My son is 7 weeks old, and I am sitting down with a hot, fresh cup of coffee and the chance to write. It seems like a lifetime ago that I had such luxuries! Between the sleepless nights, countless feedings, and consoling my baby, I have not had many opportunities to reflect on all this change, much less write about it.
My pregnancy was normal, and uncomplicated. For the most part, I enjoyed it. I loved the attention, and it was exciting experiencing all the “new” firsts: the first time you really show, first fetal movements, first ultrasound, etc. I’ll even go so far as to say the first real contraction was not so much enjoyable, but memorable, “Ooohh, THIS is what those feel like…”
With some confusion on the due date, I was expecting to go into labor anywhere between mid-late April.
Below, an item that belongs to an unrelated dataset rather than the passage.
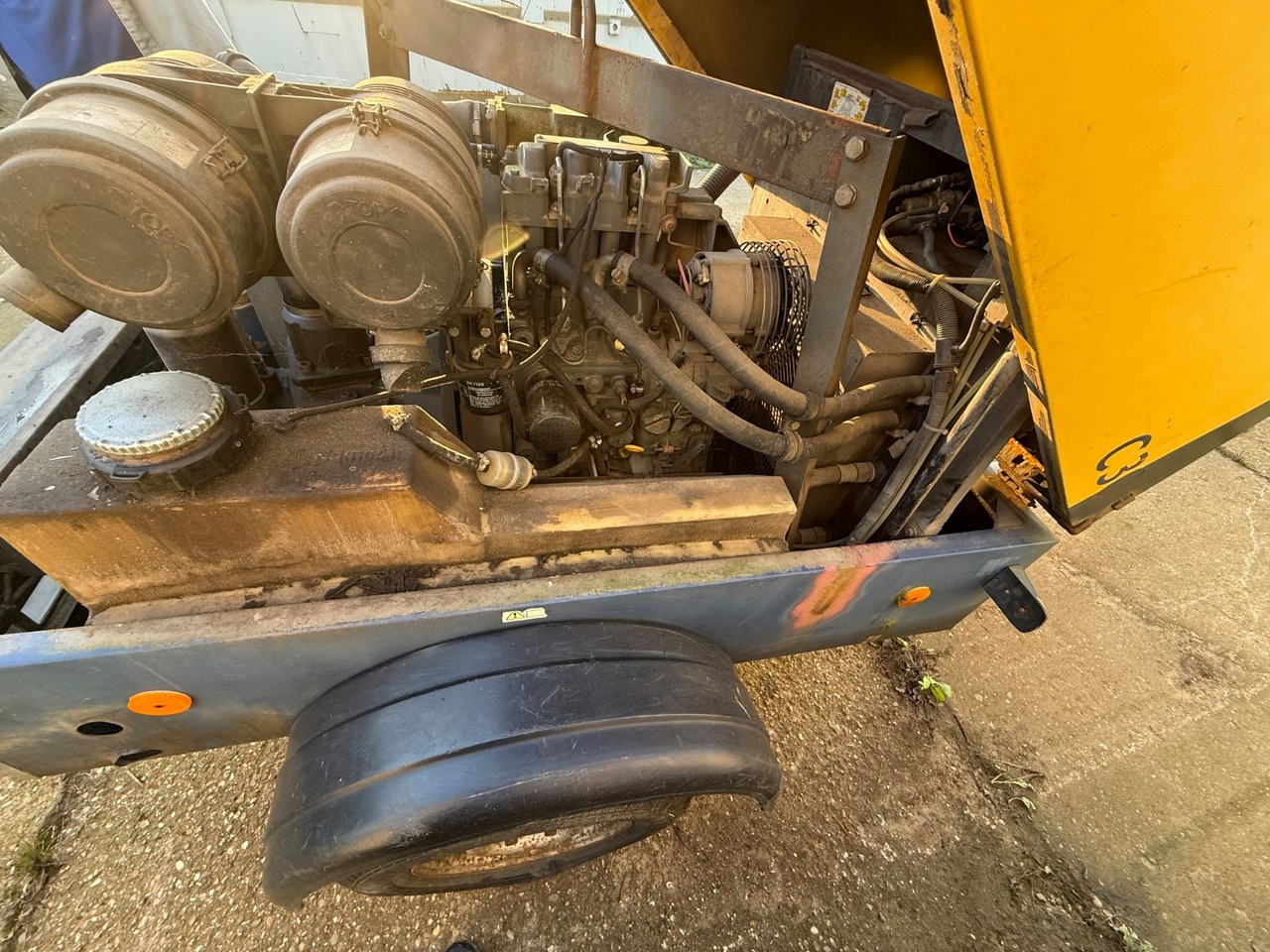 Compresor de aire CompAir  K 461: foto 6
My husband and I’s birthdays are both in April, and we were thrilled to share our birthday month with our baby too.
On Sunday, April 22nd, I noticed some mild cramping, nothing too bad, just uncomfortable, but throughout the day I felt it more. I stayed home from church that day because the dull pain didn’t allow me to do much else than just sit or lie around. I had just been to the OBGYN on Friday and the fetal monitor indicated 1 or 2 very small, mild contractions in about a 30 minute span. The doc sent me home and said the baby could come any day, or I may have these sparse contractions for another week or two.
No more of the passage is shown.